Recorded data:
------------------------------------------------------------

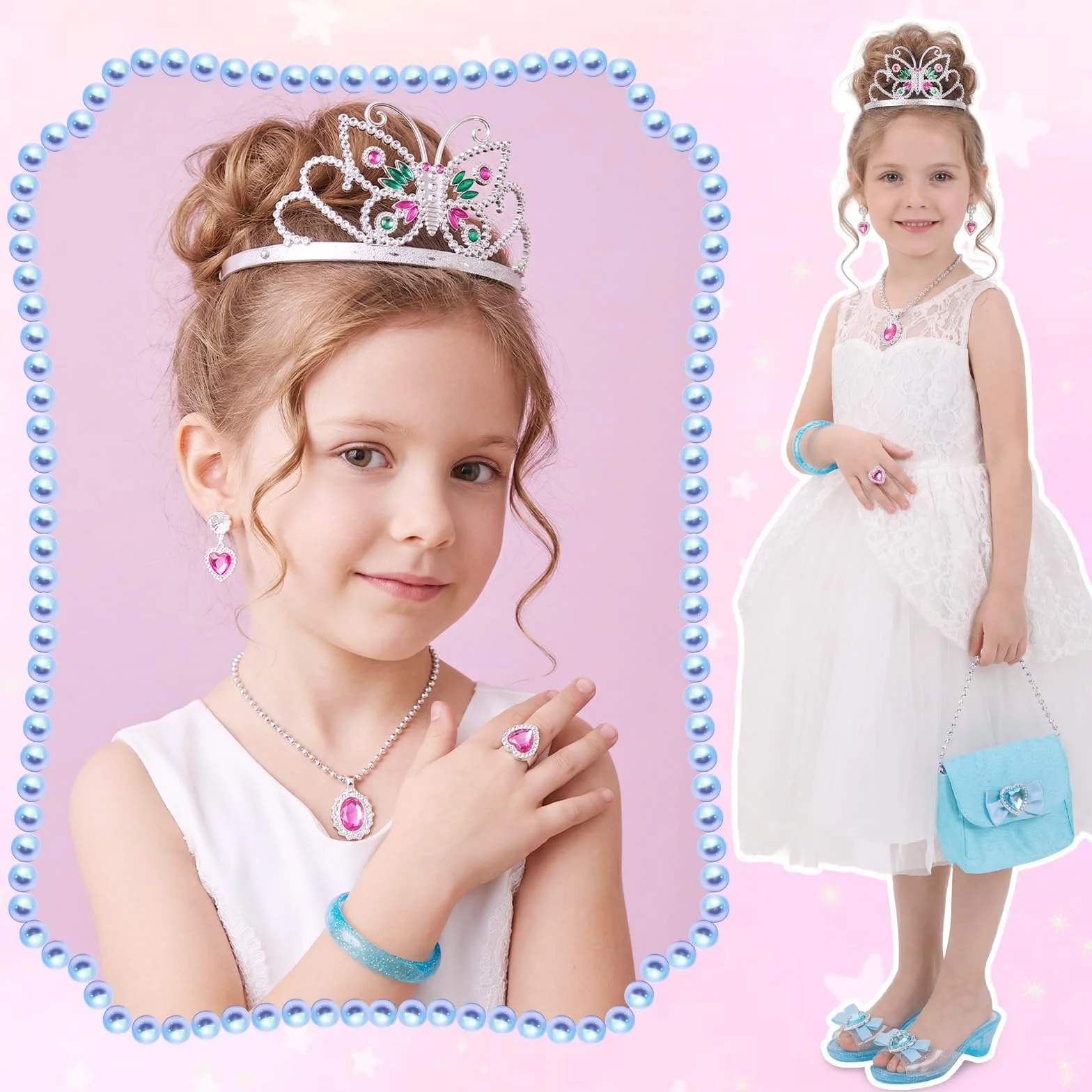 deAO Princess Schuh Spielzeug- und Schmuckboutique mit 4 Paar Schuhen, Armbändern, Halskette, Tasche, Ohrringen und Krone Mädchen-Tiara inklusive Kinder Schminkset Prinzessin Schuhe Mädchen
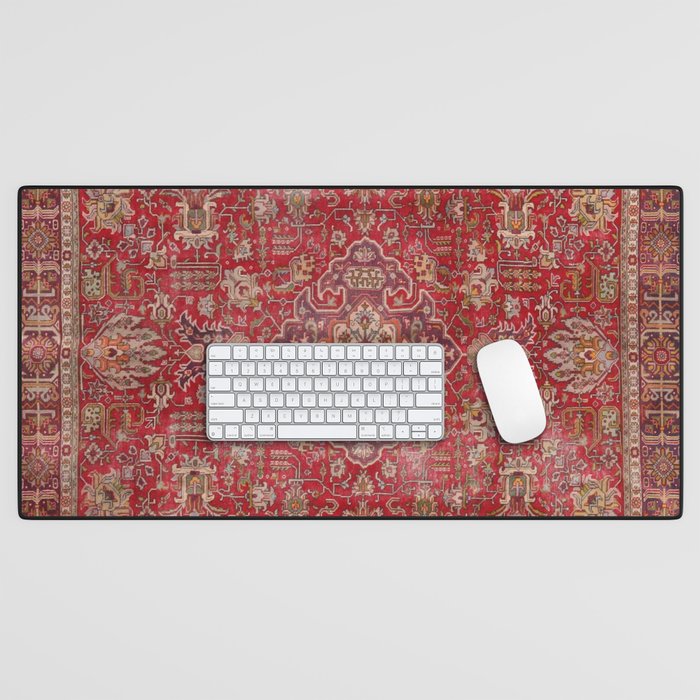 Vintage red geometric carpet Desk Mat Gallery Image 1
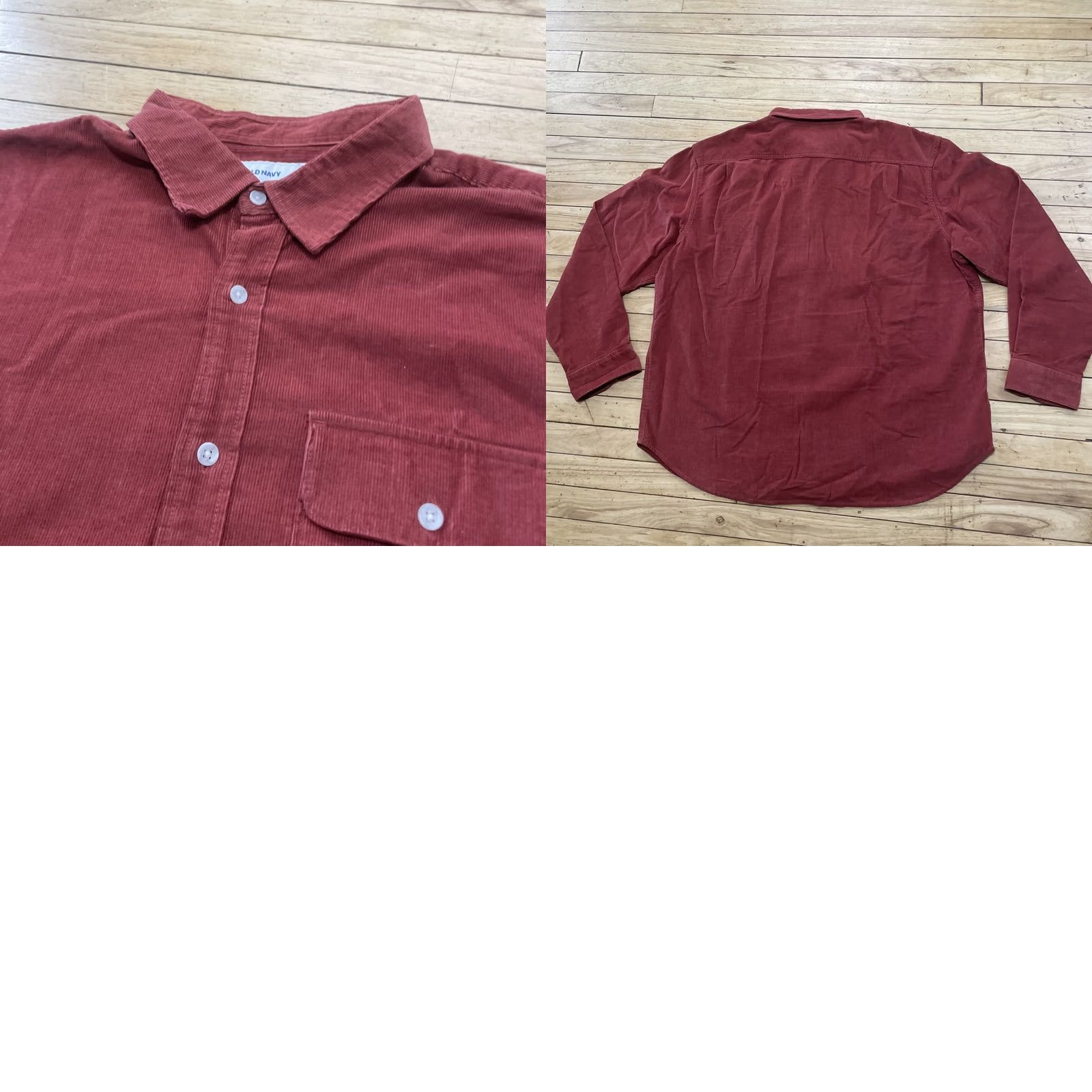Old Navy VINTAGE Old Navy Corduroy Long Sleeve Shirt Men 2XL Burnt Orange Brown Sienna Thin Wale Size US XXL / EU 58 / 5 - 11 Thumbnail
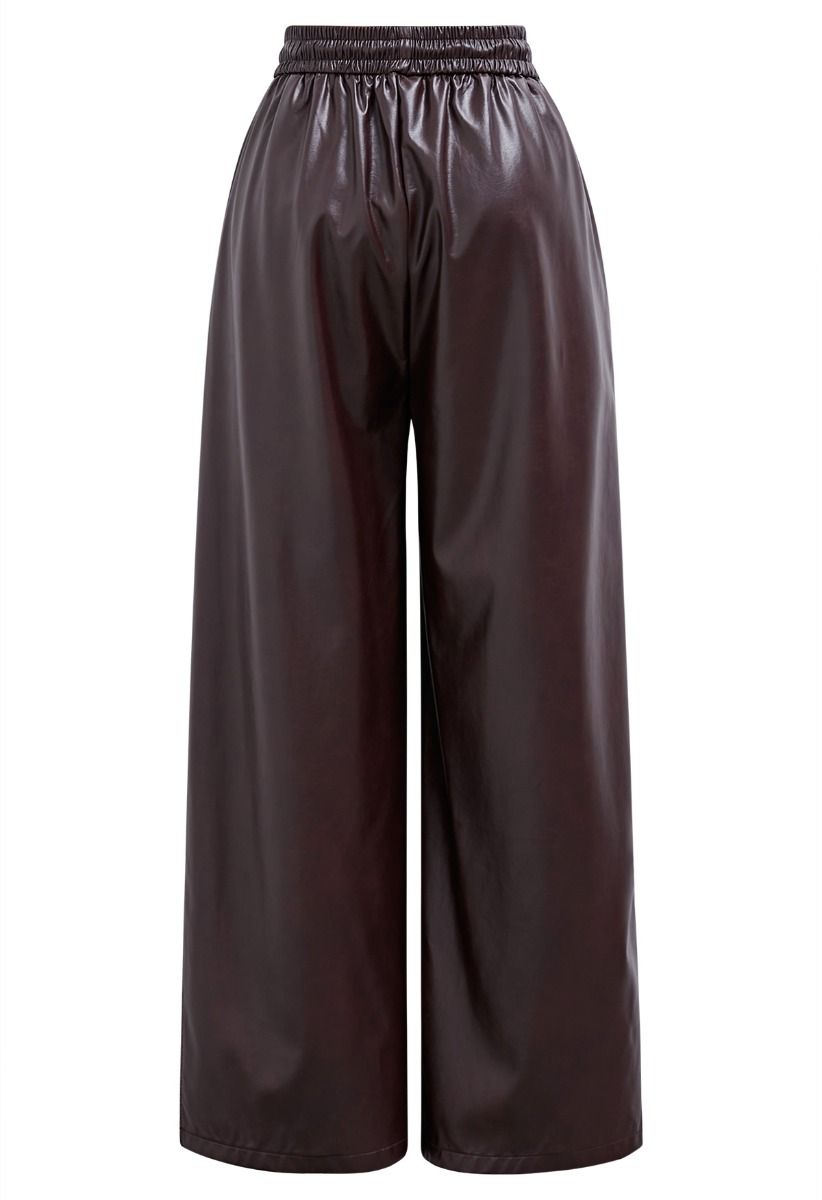 Pantalon en similicuir avec cordon de serrage City Stroll en bordeaux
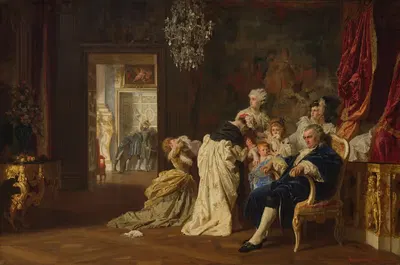 Людовик XVI и Мария Антуанетта с семьей в Версале (6 октября 1789) by Гюла Бенцур, 1872 — digital art print download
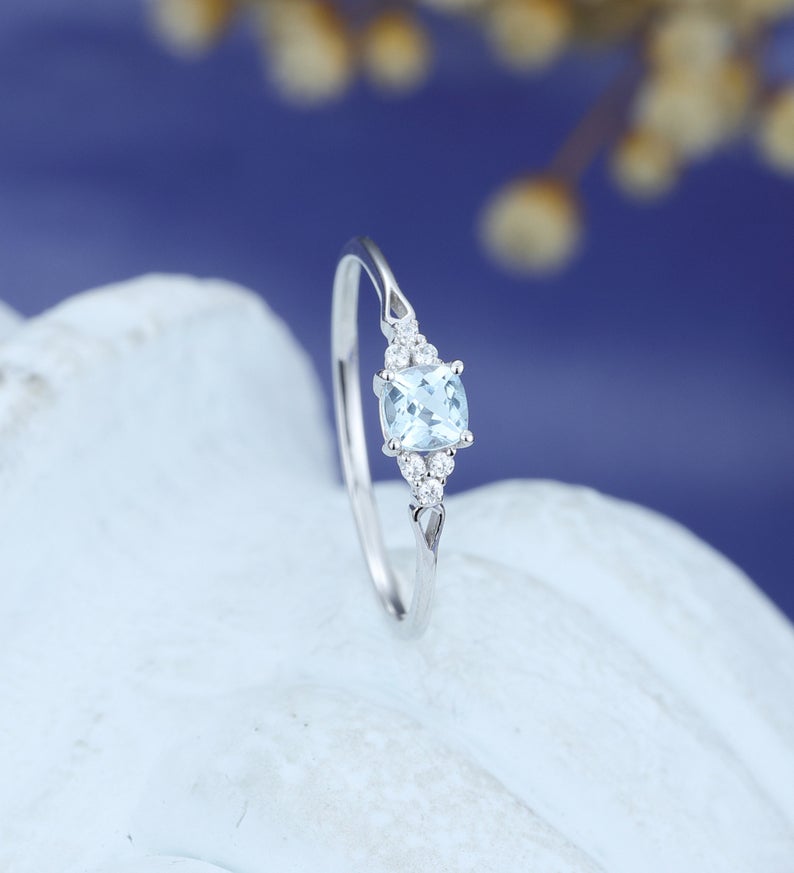 1.50 Ct Cushion Cut Aquamarine 925 Sterling Silver Solitaire W/Accents Anniversary Gift Ring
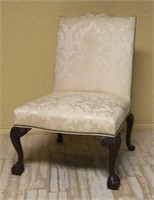 Chippendale Style Upholstered Slipper Chair.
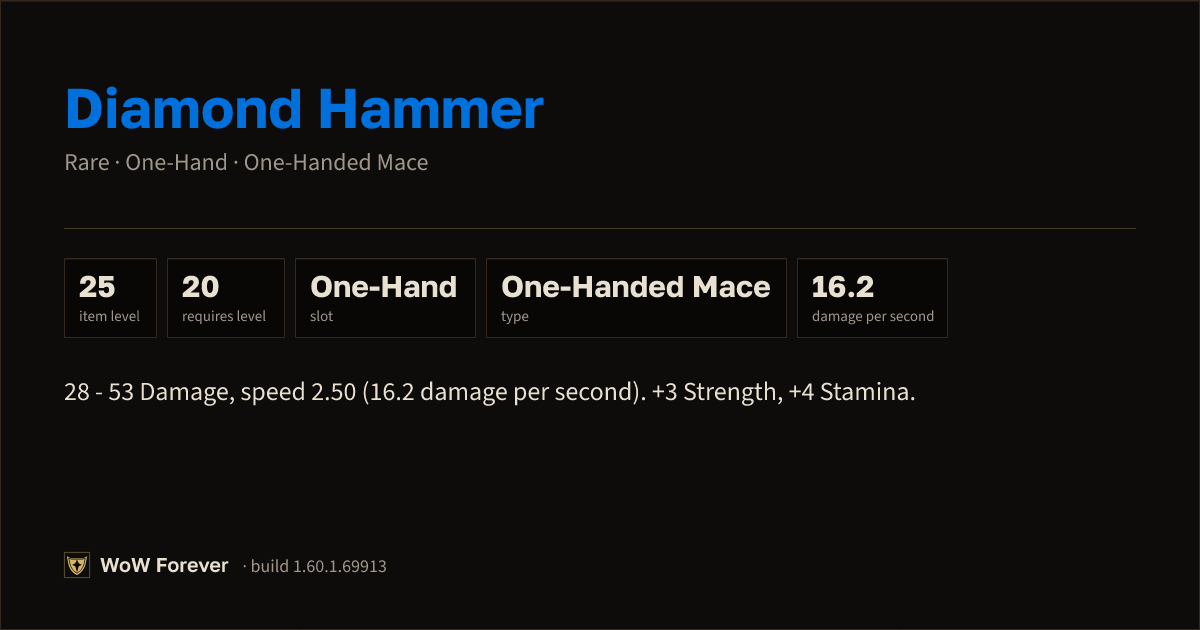 The preview card for Diamond Hammer - Rare One-Hand Mace, Item Level 25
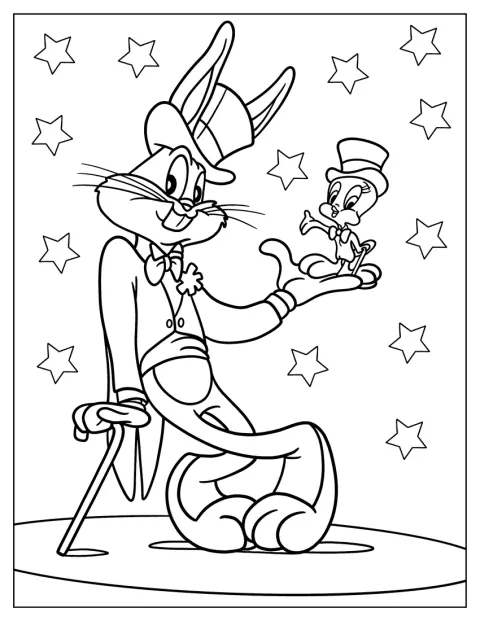 Bugs Bunny y Piolín lucen trajes de mago.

------------------------------------------------------------

■ **WHAT YOU HAVE TO DO**: Keep the pictures out while you retype all of the data above exactly as it appears.

■ **TASK SOLUTION**:
 deAO Princess Schuh Spielzeug- und Schmuckboutique mit 4 Paar Schuhen, Armbändern, Halskette, Tasche, Ohrringen und Krone Mädchen-Tiara inklusive Kinder Schminkset Prinzessin Schuhe Mädchen
 Vintage red geometric carpet Desk Mat Gallery Image 1
Old Navy VINTAGE Old Navy Corduroy Long Sleeve Shirt Men 2XL Burnt Orange Brown Sienna Thin Wale Size US XXL / EU 58 / 5 - 11 Thumbnail
 Pantalon en similicuir avec cordon de serrage City Stroll en bordeaux
 Людовик XVI и Мария Антуанетта с семьей в Версале (6 октября 1789) by Гюла Бенцур, 1872 — digital art print download
 1.50 Ct Cushion Cut Aquamarine 925 Sterling Silver Solitaire W/Accents Anniversary Gift Ring
 Chippendale Style Upholstered Slipper Chair.
 The preview card for Diamond Hammer - Rare One-Hand Mace, Item Level 25
 Bugs Bunny y Piolín lucen trajes de mago.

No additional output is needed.